Mais cela presse au contraire, car la libération de Firmin approche, et quoiqu’il n’ait aucun goût pour le métier militaire, je vois bien qu’il pense à ce rengagement comme à la seule possibilité de se rapprocher de celle qu’il aime.

Sur la plage, nous restons tranquilles et sages comme des enfants surpris d’une trop grande récompense. Tous trois nous aimons la mer et nous ne nous lassons pas de la contempler. Il y a des soirs où l’on jurerait qu’un bateau chargé d’oranges vient de faire naufrage sur la côte, tant le flot semble rouler des milliers et des milliers de ce fruit. D’autres fois ce sont des étoffes moirées aux couleurs splendides que la mer étale à perte de vue.
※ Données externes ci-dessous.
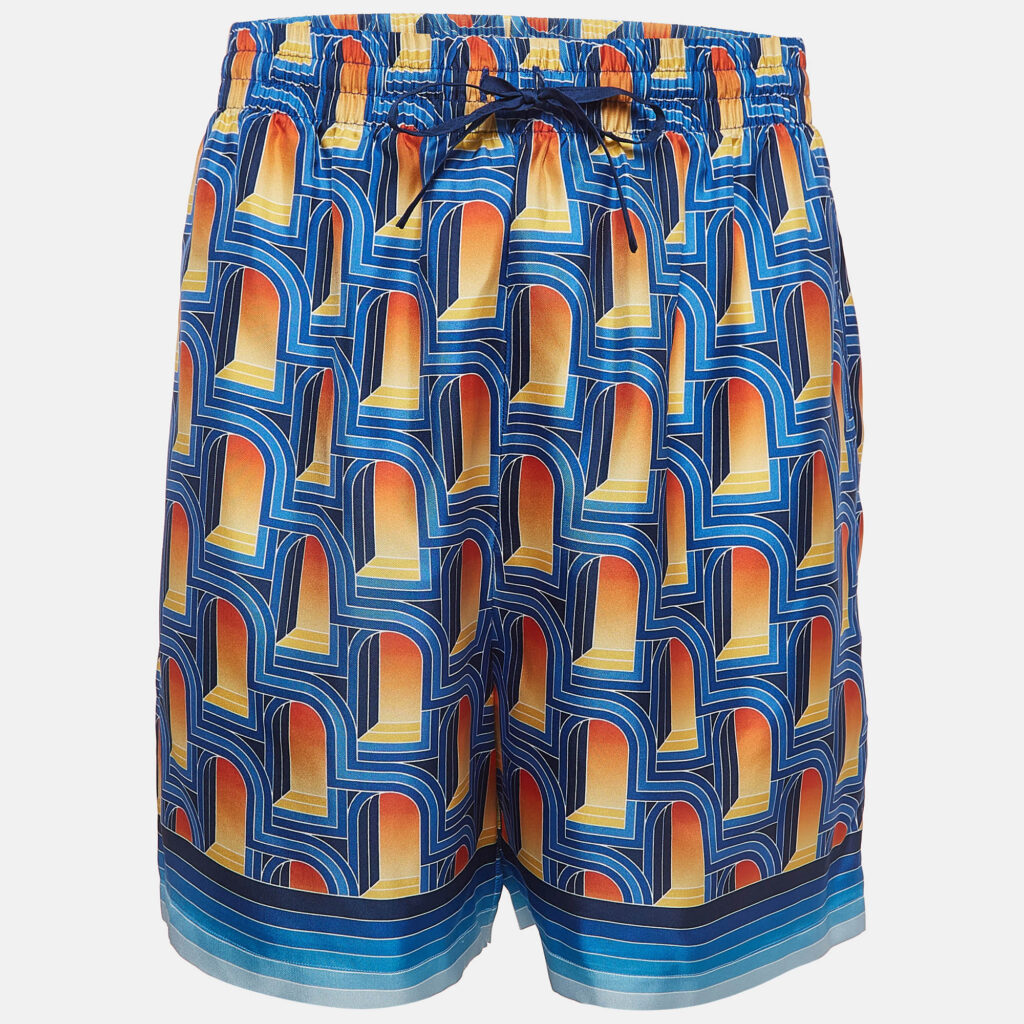 Casablanca Multicolor Printed Silk Shorts L Casablanca Multicolor Printed Silk Shorts L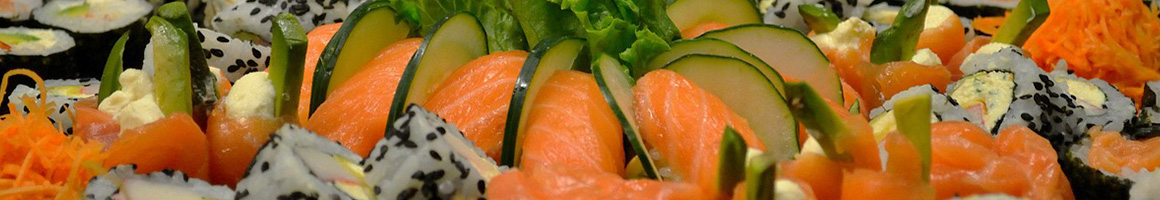 Eating Sushi at Kyoto Sushi restaurant in Dumont, NJ.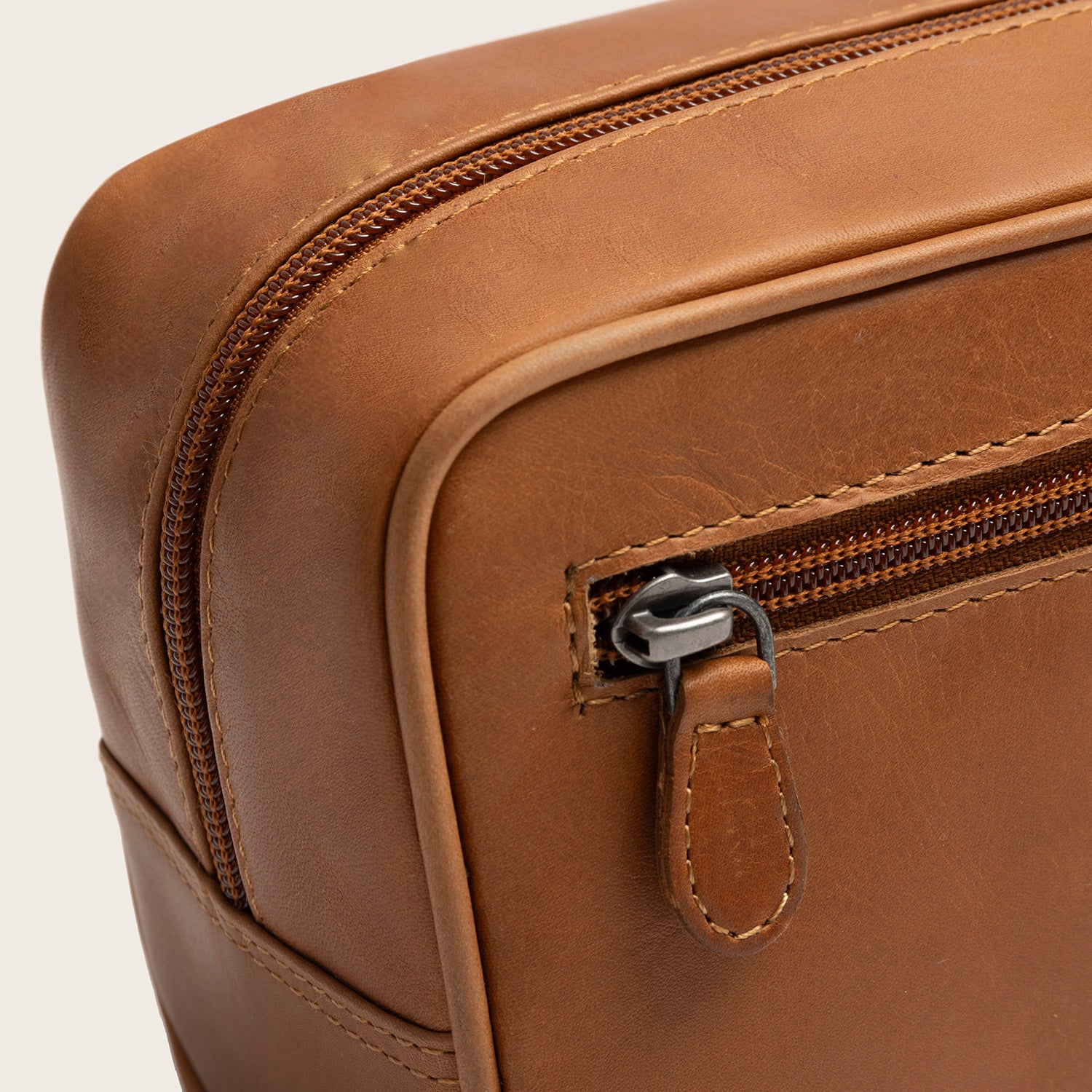 Leder Kulturtasche Cognac Tavira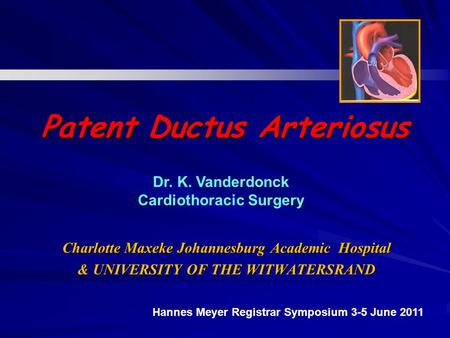 Patent Ductus Arteriosus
Firmin regrette de ne pas pouvoir les saisir pour les offrir à sa fiancée, et Valère regarde avec envie les tapis de soie bleue qui remontent du fond et s’en vont en se balançant vers on ne sait quel palais de fée.

À la fin de la première semaine nous décidons de longer la côte. Arrivés à un petit port d’embarquement, nous nous approchons d’un bateau de touristes en partance. Sur le pont, des marins s’activent, prêts à démarrer.
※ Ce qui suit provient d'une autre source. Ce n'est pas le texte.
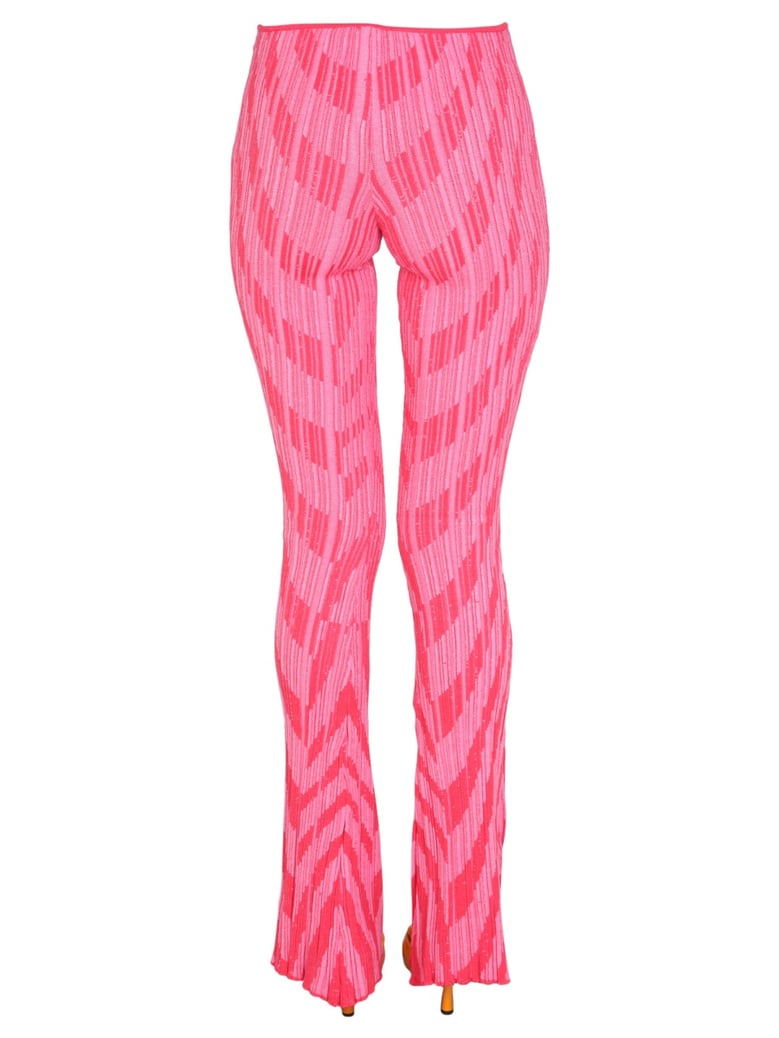 striped pattern pants by Selfnex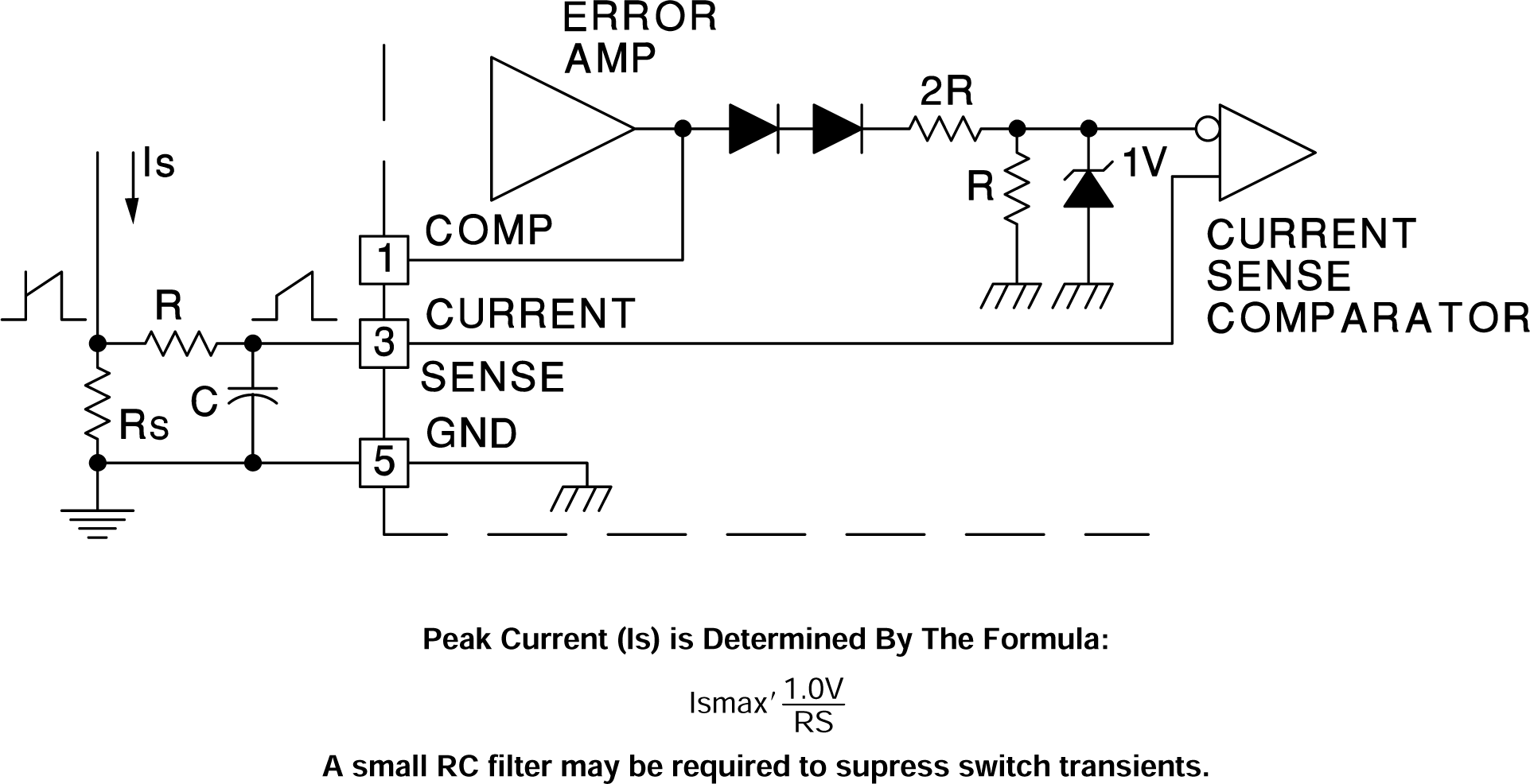 UC2842AQ UC2843AQ UC2844AQ UC2845AQ Current Sense Circuit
— Deux heures de traversée, et je vous ramène demain, nous dit en riant le capitaine.

Un gros passager qui rit aussi, nous invite :

— Venez donc, la mer est douce.

Valère les yeux brillants de désir, se tourne vers nous :

— On embarque ?

Et Firmin et moi de répondre ensemble :

— On embarque.

Nous passons et voilà le bateau parti. Nous ne demandons pas même où il nous mène. « Deux heures de traversée et je vous ramène demain. » Et, tout confiants nous gagnons l’arrière du bateau.

La mer n’est pas si douce que l’a dit le gros touriste, et son balancement indispose un peu Firmin. Mais Valère n’est nullement indisposé, il semble un autre homme sur ce bateau. Son teint s’est coloré, ses traits toujours un peu resserrés se sont ouverts. Il va et vient, d’aplomb sur le pont comme si il y avait toujours marché, et les mouvements de la houle le transportent de joie. Il joue avec les enfants ; il se porte au secours des gens qui perdent l’équilibre. Il est fort, il est brave et s’il lui arrive de recevoir un paquet d’eau qui l’inonde, il rit à la mer comme à un partenaire malin.

Firmin, le regard fixé au large me dit tout à coup :

— Pour mon amour, je braverai tout.

Il rapproche sa tête de la mienne et comme s’il parlait d’une fatalité sur notre famille il baisse le ton :

— Vois-tu, nous autres, les Beaubois, l’amour nous est nécessaire autant que l’air et la lumière. Je sens que j’aime cette jeune fille pour la vie, comme toi tu aimes Valère, comme notre mère aimait notre père, comme oncle meunier aime tante Rude, et même comme Angèle aime son mari, car tu peux être sûre que pour lui, elle eût abandonné la prière et l’église.

Tout en écoutant Firmin, je continue à regarder Valère. Son exubérance m’étonne et m’effraie ; je me demande s’il n’est pas fait pour autre chose que le magasin de chaussures, et la crainte me vient qu’il n’aime le danger. Mais ma pensée ne s’y arrête pas. Firmin a raison et je sens bien que quoi que fasse Valère, où qu’il aille, s’il le veut, je serai toujours à ses côtés.